Tam dört yıl sonra, bir katliama daha uyandı Türkiye.
Suruç’ta “Kobani’yi inşa ediyoruz” kampanyası dâhilinde, Kobane’li çocuklara eğitim malzemesi ve oyuncaklar götürmek için toplanan Sosyalist Gençlik Dernekleri Federasyonu’na bağlı gençlerin ortasında, bir IŞİD militanı kendini patlattı. Otuz üç kişi hayatını kaybetti. Geriye parçalanmış oyuncaklar kaldı. Hiç oralı olmadı iktidar.
“Canlı bomba” saldırısı olabileceğine dair bir bilginin Suruç Emniyeti’ne aktarılmasına ve bu katliamı yapan Şeyh Abdurrahman Alagöz’ün “terör nitelikli aranan şahıs” olmasına rağmen, canlı bomba saatlerce Suruç’un içinde, kendinden emin dolaşmıştı.
Bunun hemen ardından, polislerin ortalığı gaza boğması işiyle, bir başka katliamda karışılacaktık; Ankara Gar Katliamı.
Barış Mitingi için bir araya gelmiş binlerce insanın arasındaydı ölüm. Onlarca kontrol noktası, güvenlik önlemi ve binlerce polisin arasından, nasıl olmuşsa iki canlı bomba sızmış ve ‘’Barış” diyenlerin ortasında kendilerini patlatmıştı. Bunlardan biri, Suruç katliamını gerçekleştiren Şeyh Abdurrahman Alogöz’ün abisi Yunus Emre Alagöz’dü. 103 insan hayatını kaybetti.
Suruç’ta polisin sıktığı gaz, bir kez daha sahnedeydi. Polis insanların üzerine gaz ve tazyikli su sıkıyordu ve tesadüfe bakın ki ölenlerin hepsi sivildi.
Peki, ne oldu?
Üç bakan kameraların karşısına geçti, İçişleri Bakanı’na “istifa edecek misiniz” sorusu gelince, Adalet Bakanı Kenan İpek, bu soruyu gülerek karşıladı.

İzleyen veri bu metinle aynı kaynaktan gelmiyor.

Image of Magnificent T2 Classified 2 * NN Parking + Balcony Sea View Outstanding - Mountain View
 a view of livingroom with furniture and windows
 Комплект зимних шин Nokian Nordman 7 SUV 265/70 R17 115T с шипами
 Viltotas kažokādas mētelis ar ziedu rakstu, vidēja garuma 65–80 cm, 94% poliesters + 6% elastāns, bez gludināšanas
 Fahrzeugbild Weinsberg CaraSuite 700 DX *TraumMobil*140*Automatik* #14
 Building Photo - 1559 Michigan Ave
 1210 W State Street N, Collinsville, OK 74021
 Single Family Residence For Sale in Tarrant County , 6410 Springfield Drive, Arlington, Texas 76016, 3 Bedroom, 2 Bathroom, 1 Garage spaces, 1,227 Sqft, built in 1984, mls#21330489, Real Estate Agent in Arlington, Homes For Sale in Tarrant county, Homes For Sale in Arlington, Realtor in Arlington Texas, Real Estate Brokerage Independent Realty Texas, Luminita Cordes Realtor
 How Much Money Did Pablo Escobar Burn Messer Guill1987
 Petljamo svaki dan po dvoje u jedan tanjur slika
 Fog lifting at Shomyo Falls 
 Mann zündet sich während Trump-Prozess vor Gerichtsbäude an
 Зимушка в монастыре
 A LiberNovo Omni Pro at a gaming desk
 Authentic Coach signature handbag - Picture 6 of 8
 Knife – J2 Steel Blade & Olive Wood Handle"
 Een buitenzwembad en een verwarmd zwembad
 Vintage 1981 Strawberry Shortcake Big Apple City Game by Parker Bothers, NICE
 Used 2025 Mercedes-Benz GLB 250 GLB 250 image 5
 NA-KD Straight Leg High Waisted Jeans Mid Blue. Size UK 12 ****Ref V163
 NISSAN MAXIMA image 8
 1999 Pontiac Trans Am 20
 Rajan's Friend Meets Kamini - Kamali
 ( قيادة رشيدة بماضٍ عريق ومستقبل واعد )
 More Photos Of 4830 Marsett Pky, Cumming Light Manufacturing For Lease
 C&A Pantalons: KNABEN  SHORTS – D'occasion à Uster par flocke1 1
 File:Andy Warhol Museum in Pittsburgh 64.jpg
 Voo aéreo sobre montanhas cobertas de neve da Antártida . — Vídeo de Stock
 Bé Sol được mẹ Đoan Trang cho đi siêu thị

Dönemin Başbakanımsı figürü Ahmet Davutoğlu ise “Şimdi Ankara'daki terör saldırısı sonrasında anket yaptık ve kamuoyunun nabzını tutuyoruz oylarımızda bir yükseliş trendi var” diyerek, devletin soğukkanlı yüzü ile tebessüm ediyordu. Yüzler gülüyordu elbet.
Patlayan, patlatılan bombalar sonuç vermiş, korku sandıklara yansımış ve iktidar hem 7 Haziran’da kaybettiği koltuklarını kazanmış, hem de kendisine kaybettiren HDP ve onunla yan yana duran tüm kesimlere çok net mesaj vermişti. Mesajı, paramparça edilmiş insan bedenleriydi.
Şimdi, PKK’nin elinde bulunan 13 esirin, yapılan operasyonda katledilmesi ile karşı karşıyayız. Yine insanların sırtlarında tabutlar ve yüreklerinde acılar var. Tıpkı Roboski’de olduğu gibi.
Cumhurbaşkanı “müjde” vereceğini duyurduğunda, aylardır bölgede görüşmeler yürüten Türkiye’nin, bir operasyon başlatacağı beklentisi çoktan netleşmiş ve şaşırtıcı olmamıştı. PKK de hiç şaşırmış gözükmüyordu zaten.
Suruç’ta, Ankara Gar’da yüzlerce insanı paramparça eden ve “oylarımız yükseliyor” diyerek, yaratılan kaostan oy nemalanan o anlayış, bir kez daha sahnedeydi ve askeri başarı “kahraman’’lığı ile kitlelerin gözünü boyayacağı bir operasyon için düğmeye basmıştı.
Ne esirler kurtarılabilmiş, ne de askeri bir üstünlük sağlanabilmişti. Eldeki tablo, ağır bir yenilgiyi işaret ediyordu ve işte tam bu noktada, işler rayından çıktı. Devleti, iktidarda kalmak için araç haline getiren ve iktidarını ayakta tutmak için devleti organize eden o el, ilk defa taşın altındaydı ve sarsıntı büyüktü.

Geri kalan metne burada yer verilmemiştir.